Preliminarily, we note that the parties have continued on appeal to argue this case under the McDonnell Douglas evidentiary framework. The McDonnell Douglas formula proceeds under the assumption that a single motive explains the employer's decision to take an employment action adverse to the plaintiff. See Haskins v. United States Dep't of the Army, 808 F.2d 1192, 1197 (6th Cir.1987); Bibbs v. Block, 778 F.2d 1318, 1320-21 (8th Cir.1985) (en banc). The shifting burdens of McDonnell Douglas are designed to determine which motive--the alleged unlawful discrimination or the employer's asserted nondiscriminatory justification--is the "true" reason for the employer's adverse employment action. See Haskins, 808 F.2d at 1197; Bibbs, 778 F.2d at 1320-21. The plaintiff at all times retains the burden of proving that the discriminatory motivation was more likely than not the "true" reason for the employer's decision. See Haskins, 808 F.2d at 1197; Jackson, 743 F.2d at 375.
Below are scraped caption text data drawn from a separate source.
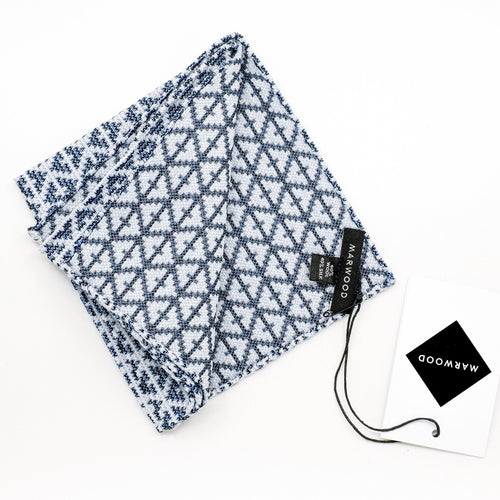 Ice Blue Jacquard Pocket Square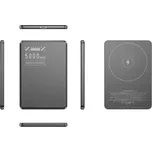 Kovová Ultra-Tenká MagSafe 10000mAh Powerbanka - Šedá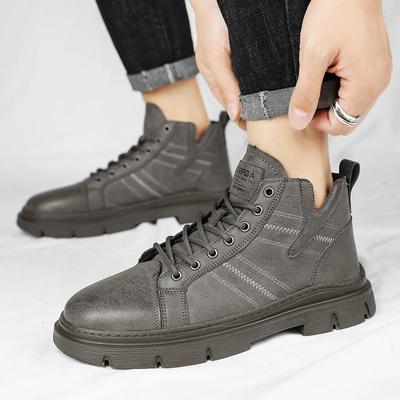 Klassische Marke Herren Arbeitsstiefel Vielseitige Business Kurzstiefel Winter Herren Stiefeletten Trendige Schuhe Schicke Motorradstiefel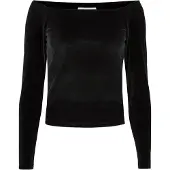 Apricot T-shirt 'Black-Bardot Velvet' noir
The McDonnell Douglas formula is inapplicable, however, to cases in which the Title VII plaintiff presents credible, direct evidence of discriminatory animus. See Trans World Airlines, Inc. v. Thurston, 469 U.S. 111, 121, 105 S.Ct. 613, 621, 83 L.Ed.2d 523 (1985); Blalock v. Metals Trades, Inc., 775 F.2d 703, 707 (6th Cir.1985). As this court stated in Blalock, "Direct evidence and the McDonnell Douglas formulation are simply different evidentiary paths by which to resolve the ultimate issue of defendant's discriminatory intent." Id. Direct evidence of discrimination, if credited by the fact finder, 3 removes the case from McDonnell Douglas because the plaintiff no longer needs the inference of discrimination that arises from the prima facie case. Upon crediting the plaintiff's direct evidence, the district court finds facts requiring the conclusion that unlawful discrimination was at least a "motivating factor" for the employer's actions. See id. at 707-10. The existence of unlawful discrimination is patent, and if the employer does not propose an alternative explanation for its actions, Title VII liability will automatically follow.
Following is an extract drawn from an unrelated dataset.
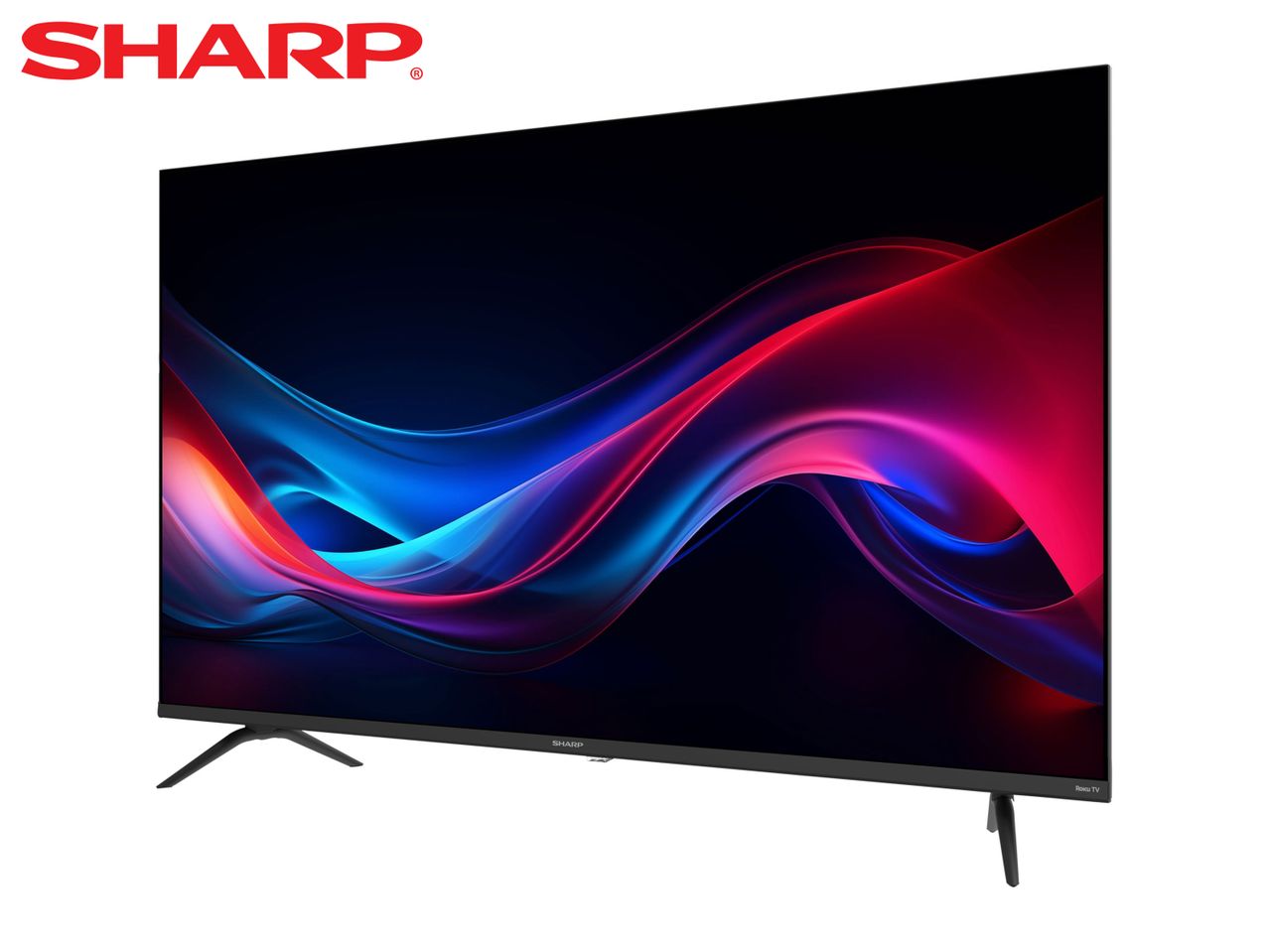 Go to full screen view: Sharp 43’’ 4K Ultra HD Smart LED TV - Image 1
If the employer does assert an alternative justification for its employment action, however, it will be arguing, either explicitly or by implication, that although discriminatory motivation may have entered into its employment decision, the same decision would have been made regardless of the discrimination. At this point, the case becomes a "dual motive" or "mixed motive" case, and the crucial issue becomes one of causation. See Haskins, 808 F.2d at 1197. However, because discrimination has already been established by the plaintiff's direct evidence, the employer must do more than merely "articulate" its nondiscriminatory justification as required under McDonnell Douglas. See Blalock, 775 F.2d at 710. In Blalock, we adopted the causation standard of Mt....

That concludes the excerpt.